Market - - Dec 13,2016
Italy’s biggest bank, UniCredit unveiled its plans to raise 13 billion euros ($13.8 billion) by issuing shares and helping itself get away from Italy’s banking crisis.
UniCredit also announced to cut 14,000 jobs (11% of its workforce) over the next two years, to shore up its balance sheet and get back to financial health. This will be Italy’s biggest share issue that will help the bank get rid of 18 billion euros of bad debt from its balance sheet and is expected to boost chances of profitability. The bank currently has 3800 branches across the country, a third of which would be closed down permanently by the next year.
It is a critical time for Italian banks as the economy had been going through a crisis and last week’s referendum has surely increased their woes. Italy’s third largest bank and one of the world’s oldest bank, Monte dei Paschi di Siena is at a risk of failure as it is making a last-ditch attempt to raise 5 billion euros and escape a bail-out.

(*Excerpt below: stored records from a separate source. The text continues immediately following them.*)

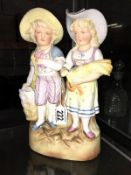 A pair of Edwardian bisque boy and girl figures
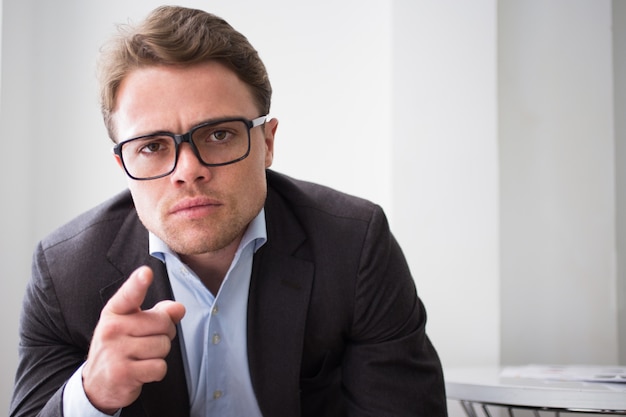 Serious young businessman pointing to camera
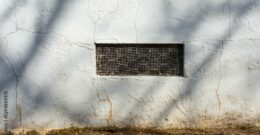 Grille de ventilation sur mur extérieur, soulignant un problème potentiel d'étanchéité vide sanitaire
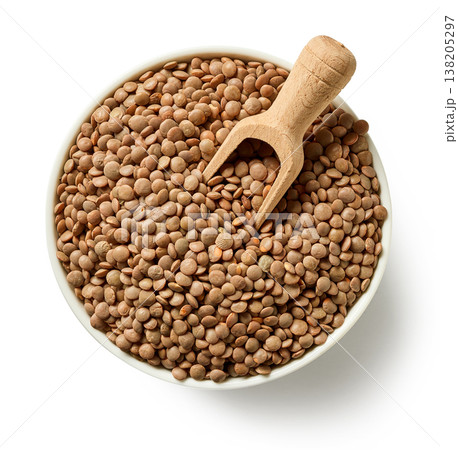Bowl of brown lentils with wooden spoon isolated on white background, top view 138205297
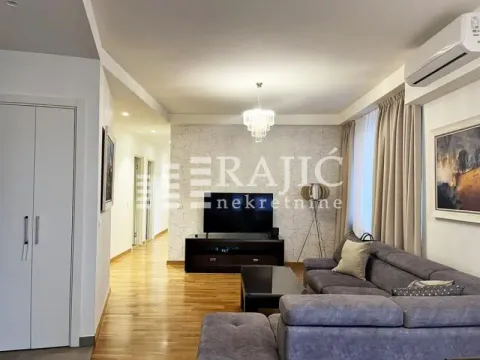 Spacious and bright living room with seating furniture and a TV. - image 2
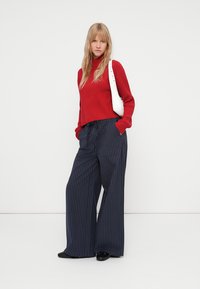 Pull à col roulé rouge côtelé, pantalon large rayé bleu marine ample, et sac à épaule blanc. Des chaussures noires complètent la tenue.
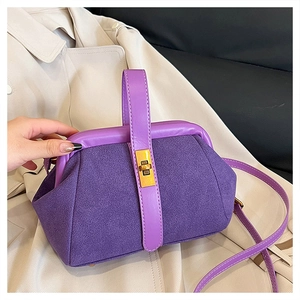 Detail showing purple suede and leather contrast textures on shell-shaped handbag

UniCredit’s decision has come after Italian Prime Minister Matteo Renzi resigned, post losing the referendum of constitutional change and the new government has just been formed with expectations of early elections next year.
Shares in UniCredit fell more than 5% on Tuesday. The stock has fallen by more than half this year and the bank is now worth just under 15 billion euros. Jean-Pierre, chief executive of UniCredit said that the bank is trying its best to deal with the loan issues and wants to improve future profitability to become one of Europe’s most attractive banks.
The bank’s target is to get its core capital ratio - a key measure of financial strength - above 12.5% by 2019, as well as post net profits of €4.7bn and resume dividend payments in that particular year.